Huawei's UK code reviewers say Chinese mega-corp is still totally crap at basic software security. Bad crypto, buffer overflows, logic errors...

Re: Can we do this for all manufacturers

Just provide the source code and be done with it. Huawei makes its money selling hardware, by opening its code (even if that is just to its large telco customers) it would increase trust that it does not have back doors.

I doubt that their algorithms are vastly better than the competition.

If it does not want to do that then publish the complete hardware specs and customers could install their own firmware ... OK: something would need to be obtained, but once done, and shared with telcos world wide, we could have something robust.

The same should apply for Nokia, Cisco, etc.

Re: Can we do this for all manufacturers

could we do this with every manufacturer of critical infrastructure?

should ve could we do this with every manufacturer publisher of critical infrastructure software? FTFY

Otherwise you have to define which infrastructure is critical and there is no reason why the manufacturers of consumer electronics, cars or anything else should be able to get away with their current practice to seeing if anyone notices when things break.

Re: Lets hope

Every country tries to exploit vulnerabilities in every other countries' networks. It's not good guys vs bad guys, it's sigint and everyone does it.

Re: Lets hope

>We exploited a few of the vulnerabilities in the Chinese network

The bits of it that are in English at least

Re: Huawei's attitude seems very odd

For me this is an eye-opening insight into the culture of the company. How they build things, and what they care and don't care about.

If this culture is common, it explains the river of terrible quality products flowing out of China.

Re: Not sure about this...

They're reviewing it anyway, so why not point out the problems? If they're hiding them from the public, that would be a problem, but they're not. They point out that there are many problems, and from the sound of it, the problems they have identified aren't exactly hidden. Even a very malicious version of Huawei can't get much out of that report other than that NCSC will read code sent to them and has some technical people in it. Meanwhile, if they actually changed some of this, it would mean that networks in the U.K. using Huawei infrastructure would be more secure.

Re: Not sure about this...

>why are we doing their work for them in drawing the equipment's vulnerabilities to their attention?

Because the department that does this is entirely paid for by Huawei.

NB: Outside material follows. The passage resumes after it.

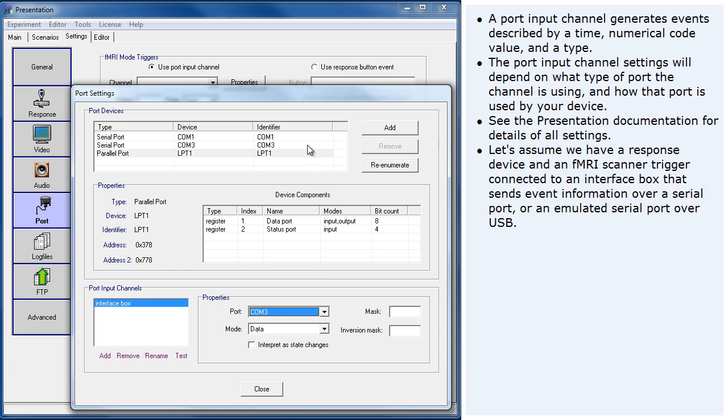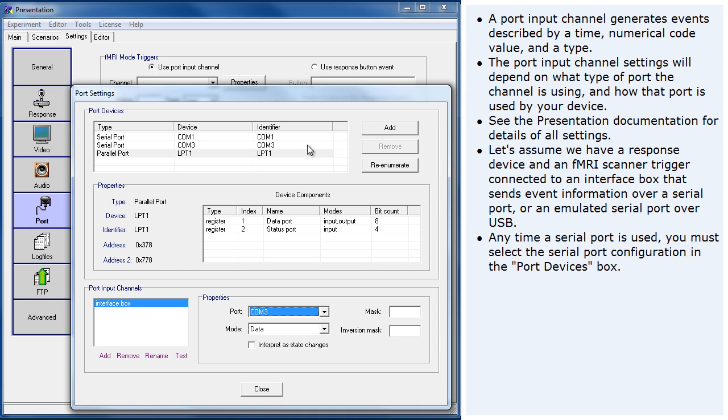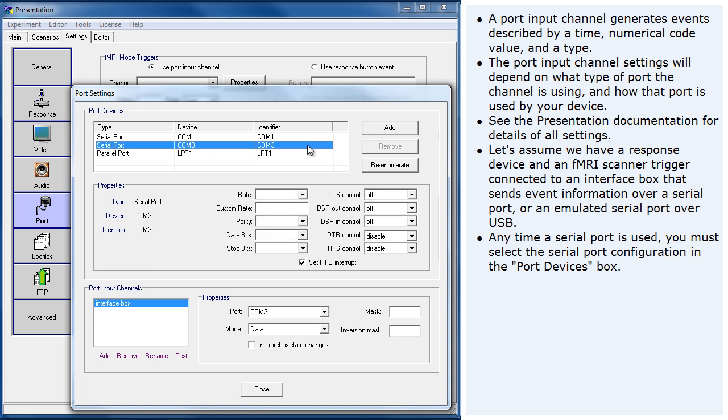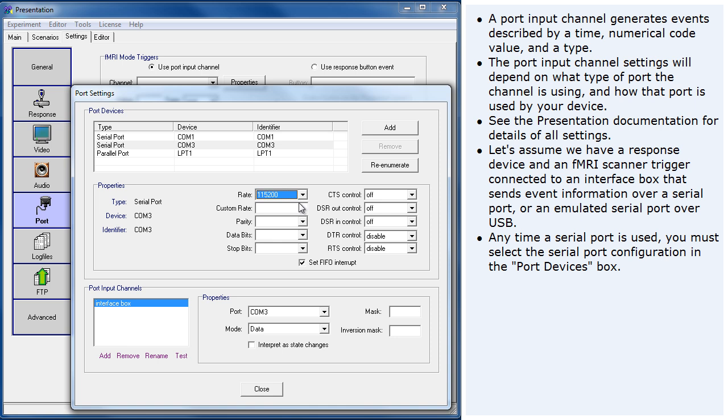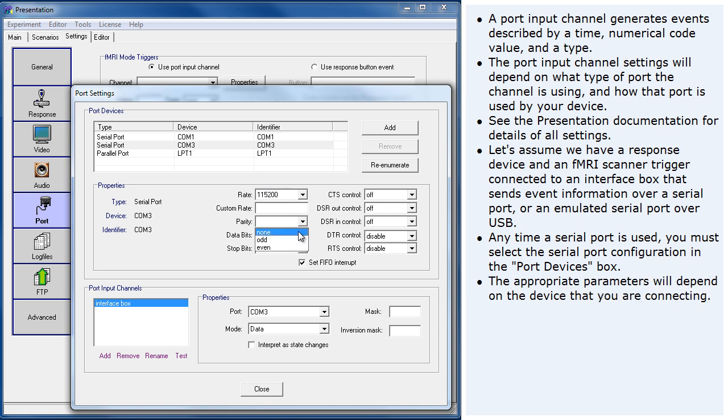Let's assume we have a response device and an fMRI scanner trigger connected to an interface box that sends event information over a serial port or an emulated serial port over USB. Any time a serial port is used, you must select the Serial Port Configuration in the Port Devices box. The appropriate parameters will depend on the device that you are connecting.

Re: Not sure about this...

We are probably still doing the checking as there is hope that Trump loses the election and we can then go back to installing the better Huawei kit we want to install. Even though a Nokia deal has been talked about im sure we are just biding our time in the hope of the sanctions being dropped if Biden wins.

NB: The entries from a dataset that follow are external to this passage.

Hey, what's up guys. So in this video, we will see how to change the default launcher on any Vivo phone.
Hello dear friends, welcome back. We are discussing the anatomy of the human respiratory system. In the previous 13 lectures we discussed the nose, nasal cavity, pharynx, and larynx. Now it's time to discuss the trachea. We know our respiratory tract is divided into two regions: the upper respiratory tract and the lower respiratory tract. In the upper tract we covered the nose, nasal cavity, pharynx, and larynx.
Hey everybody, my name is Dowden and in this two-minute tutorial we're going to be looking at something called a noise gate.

Biden is anti-chinese too and akin to the devil in disguise so it might be a false hope.

Bottom line is we want the cheaper + better Hauwei kit.

Re: Not sure about this...

why are we doing their work for them in drawing "the equipment's vulnerabilities to their attention?"

Because as of yet, we haven't decided to rip up that agreement.

Script kiddies could do much of the hacking, but writing reports is not their strong point.

But that surely is the point - the backdoors are there - only the report calls them "vulnerabilities" and poor coding practices - its called hiding in plain sight.

Exploitation of the backdoors is unfortunately open to all and sundry, including the PLA

Perhaps they are rapidly replacing their staff with ones who haven't yet learnt from experience, a bit like IBM seem to be doing.

What's confusing to me is, if I had regular reports about all the mistakes I was making and how to fix them, I would expect to slowly be making fewer mistakes. This does not appear to be the case here. They must be finding new and exciting ways to fuck up every day.

See:

"There are ongoing concerns about the quality of Huawei's security performance at a technical level, rather than concerns [about] hard evidence of Chinese state interference. That's an ongoing process of remediation. The US sanctions are very tightly defined, they do impact new deployments so that's why there's a bar on new deployments and as part of the package announced in July, contingency plans were made to ensure the existing stuff could be serviced."

Basically, US sanctions make updates (fixes) at the very least very difficult.